Fernan-doh! Torrid –was a man on the brink. Torres has been dreadful for Chelsea for the most part: mind-bogglingly bad, tearing your hair out terrible, head-in-your hands horrible. The superstar striker for whom the ball seemed to behave like a balloon as soon as he pulled the Chelsea shirt on; the man whose ability to get away from defenders was stolen from him in the dead of night by those cruel football Gods whom had also insisted on stealing his shooting boots.

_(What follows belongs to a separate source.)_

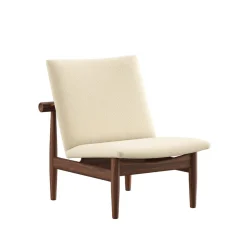 House of Finn Juhl Japan stol, eg klar olie af Finn Juhl><noscript><img width=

He has had his moments at Chelsea; the equaliser against Barcelona in the semi-final of the Champions League for one. A strange moment, really, as he was running through on goal the most ardent of Chelsea fans might have expected him to trip over ball, screw his shot wide or over, pass it back to Barcelona’s Victor Valdes, or inexplicably pick up the football and begin to eat it. But he didn’t do any of those things. He actually scored. It felt like the end of a horrible nightmare. It wasn’t, really. He was still marginalised at Chelsea, a man who must have had to wear three coats because it was that cold in Didier Drogba’s shadow. Drogba went on to win Chelsea the Champions League and be forever immortalised at the club after ending his Chelsea career in a blaze of glory which is unlikely to be matched. Torres didn’t even take a penalty in the shoot-out, apparently being denied the opportunity by then boss Roberto Di Matteo.

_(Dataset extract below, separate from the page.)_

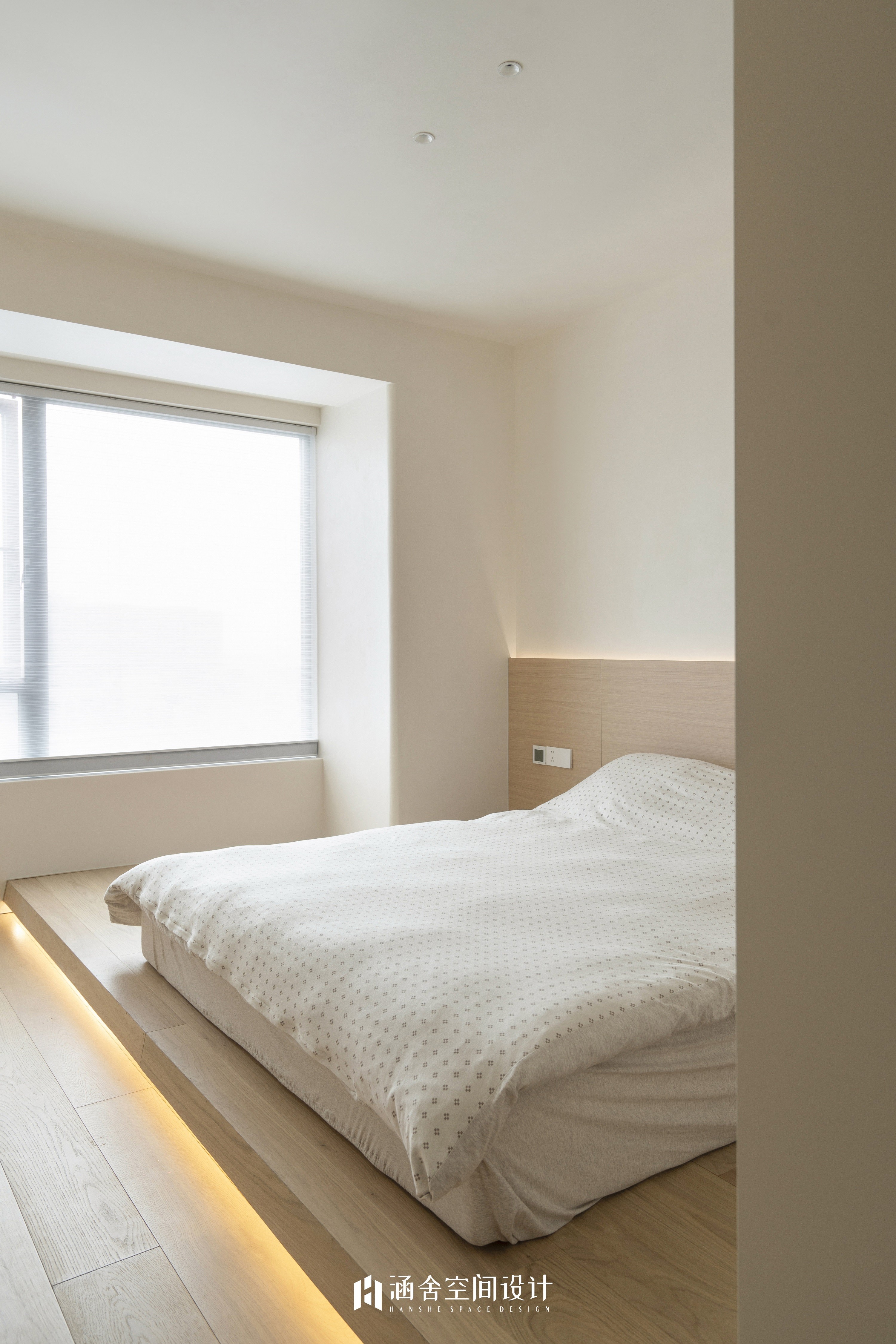 湖塘月色花园丨中国金华丨涵舍空间设计事务所-40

Come Euro 2012, Spain initially introduced the ‘False 9’ position to the international arena. Torres’ lack of form was blamed for the tactical innovation. He still scored three goals in that tournament and won the golden boot (football just looks weird without strikers on) – a real achievement by anyone’s standards – it was cause for optimism.

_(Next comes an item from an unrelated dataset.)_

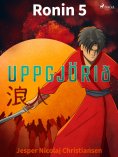 ebook: Ronin 5 - Uppgjörið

At the 2011/12 season’s end Drogba left for China and Torres shed three coats. He was to be ‘The Man’ at Chelsea. A goal in the community shield against Man City, and strikes in league against Reading, Newcastle, Norwich and Arsenal – showed that the ‘Real’ Fernando Torres was in there all along, sort of. A mini drought followed before a goal against Wolves in the Capital One Cup. Then came The Drought. He had had them before in his time at Chelsea but this felt terminal. A lucky goal against Shakhtar hardly turned his form around as it came courtesy of Donetsk keeper Oleg Pyatov rattling a clearance against him
But after 11 hours of drawing a blank in the premier league Torres’s delightful volley against Sunderlan.d ended his premier league torment and this on the back of double against FC Nordsjaelland in the Champions League. Then it happened, Chelsea won a penalty and Torres grabbed the ball. YES! Torres! He had been criticised for not being brave enough and ‘scared to miss’ by wizened old pros and pundits alike but here he was literally taking matters into his own hands as he put the ball on the spot. A purposeful run-up followed by a side-footer into the corner; it looked so easy – like shelling peas.
There have been false dawns before for Torres at Chelsea but this feels different. The injury-plagued Danish Champions fielding midfielders as centre-halves and an embattled Sunderland may have been seen as easier targets than most for a goal-shy striker to find the net but in that single act of grabbing the ball to take a vital penalty it seemed that, finally, Torres was a man on a mission to shape his own destiny.
And just days later at the World Club Cup he scored a goal by the virtue of a massive deflection; so now it seems like he is a man on a mission to shape his destiny whose luck is finally in.
Is it the beginning of great Torres comeback?